The primary driver behind why LLC equity comp is very different from C-Corp equity comp is that W-2 employees of an LLC can’t hold equity in that LLC, under IRS rules. For C-Corps, both contractors and employees can hold equity, which simplifies equity compensation. But for LLCs, holding *true* equity requires the LLC to issue you a K-1 on an annual basis (you’re a “partner” for tax purposes), and the Company doesn’t cover employment taxes the way it does for W-2 employees.

Units/Membership Interests and Profits Interests (True Equity)

High-level executives (including founders) in an LLC startup are usually OK with this issue, and will hold direct equity in the LLC. They’ll receive K-1s annually.

That equity usually takes one of two forms: Units (sometimes called membership interests), which are the LLC equivalent of stock. Units can be voted (usually) on Day 1, and they are taxable on receipt if their “fair market value” is not paid for, which is why they’re typically issued only in the very early days of the company, like founder/early employee common stock in C-Corps. They can be expensive to receive if they are very valuable (in the IRS’ judgment) on the issue date.

As the value (for tax purposes) of units increases, companies will switch to Profits Interests, which are kind-of a LLC corollary to options, because (i) they only entitle you to the appreciation in value of your equity after the grant date, and (ii) when issued properly, they are tax-free to receive. When profits interests are granted, the Company has to obtain or decide on a valuation that pegs the “threshold value” of the company on the grant date, and the recipient of the PI is then entitled to the increase in value of the equity above that threshold value.

Returns on both units and profits interests receive capital gains treatment, like stock in a corporation. While units usually have voting rights, profits interests can have voting rights, but companies often times structure them to not vote.

Unit Appreciation Rights (Phantom Equity)

While founders and senior executives of LLCs will often be OK with K-1 status and holding true equity, it can become problematic for a number of reasons (tax oriented, benefits oriented, etc.) to have everyone be a K-1 recipient as the business scales. When LLCs want to issue equity-like compensation to lower-level employees, while continuing to treat them as true W-2s, they will usually switch to Unit Appreciation Rights, which are the LLC equivalent of phantom equity.

UARs don’t vote, and aren’t really equity at all. Instead, they entitle the recipient to a cash payment (like a bonus) upon some future milestone (typically an acquisition/exit) that is pegged to the value of equity. Much like profits interests, on the grant date a valuation is determined, and then as the LLC’s equity appreciates in value after the grant date, the UAR holder’s future bonus increases proportionately. When granted properly, UARs are also (like PIs) tax free on the grant date.
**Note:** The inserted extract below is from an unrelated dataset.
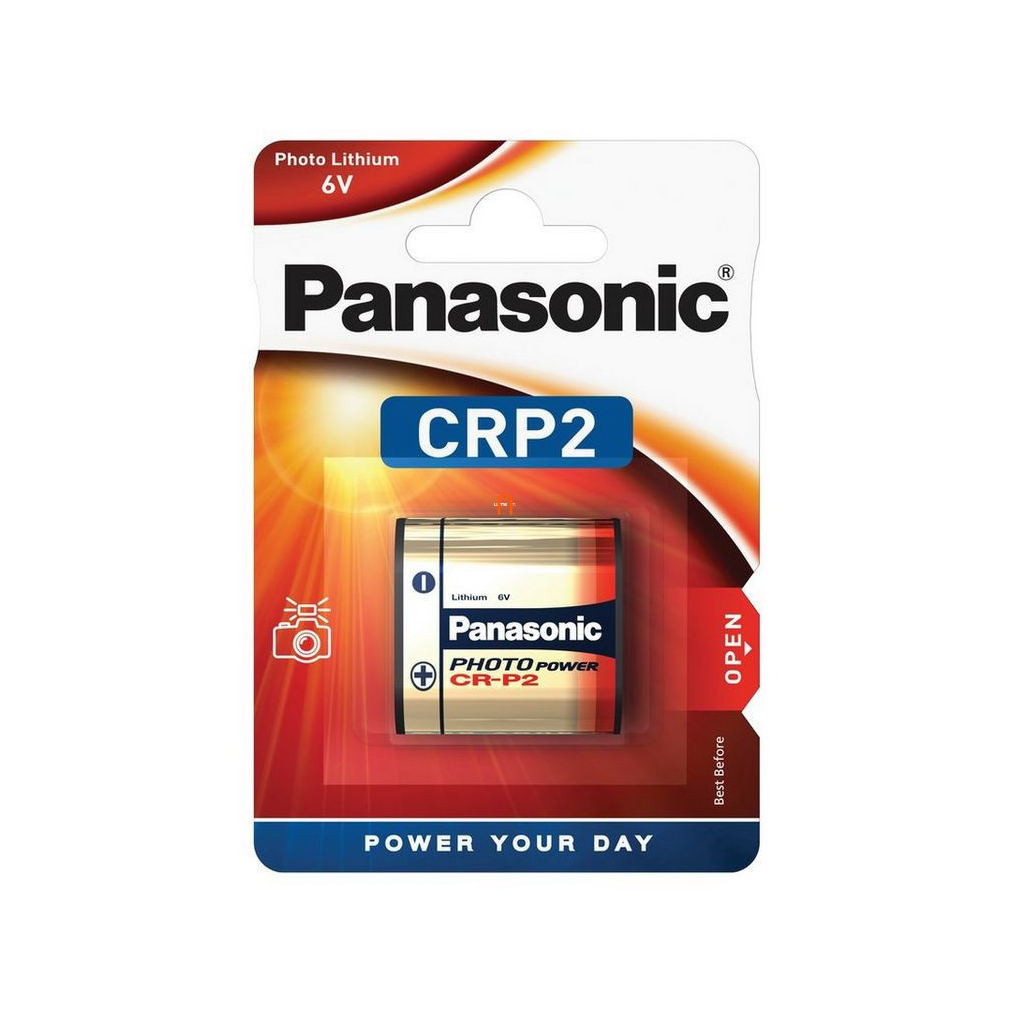 Panasonic Lithium Fotó Elem CRP2 (6V) B1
While the upside of UARs is that they significantly simplify tax filings/treatment for recipients (no annual K-1s, can stay W-2), the downside is that returns on the UARs are treated as ordinary income by the IRS; no capital gains treatment.

LLCs require Tax Specialists

The main reason startups choose to be LLCs is taxes: given the nature of their business, they want to avoid the corporate-level tax applied to C-Corps, even if that means deviating from the C-Corp norms of typical venture-backed startups.
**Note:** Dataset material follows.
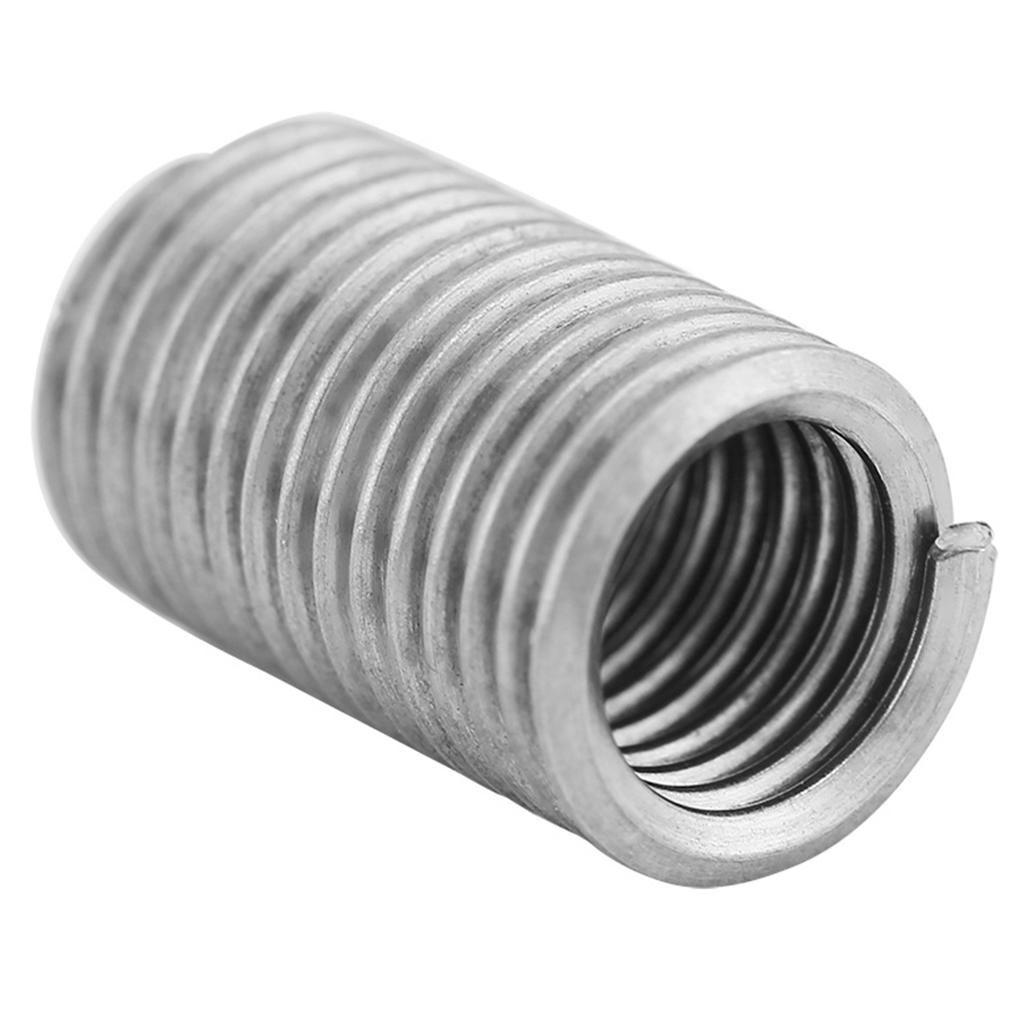50 шт., вставки со спиральной винтовой резьбой из нержавеющей стали SS304, M6 x 1,0 x 3D длина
But the cost of those tax savings is significant ongoing tax complexity in issuing and managing equity, and making annual tax filings. That requires not just good accountants, but good tax lawyers; who are very different from classic “startup lawyers.” If you’re planning to be an LLC that will use equity as compensation, make sure you’re using lawyers with access to solid tax counsel.

Tax Disclaimer: I’m not your tax lawyer or advisor. I don’t want to be your tax lawyer or advisor. The above is just a summary of what we typically see in the market for LLC startup equity. LLCs are highly flexible, and circumstances vary. Do NOT try to rely on any of the above advice without engaging your own personal tax advisors, including tax lawyers.